▶ **TASK TO CARRY OUT**:
Exactly the lines from the one holding "牙齿正畸的危害矫正后牙齿会酸软松动？" through the final line of the data are wanted, copied as written.

▶ **DATASET SECTION**:
--*--

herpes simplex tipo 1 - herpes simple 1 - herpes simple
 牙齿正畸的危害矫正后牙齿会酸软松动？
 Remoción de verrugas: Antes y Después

--*--

▶ **TASK ANSWER**:
 牙齿正畸的危害矫正后牙齿会酸软松动？
 Remoción de verrugas: Antes y Después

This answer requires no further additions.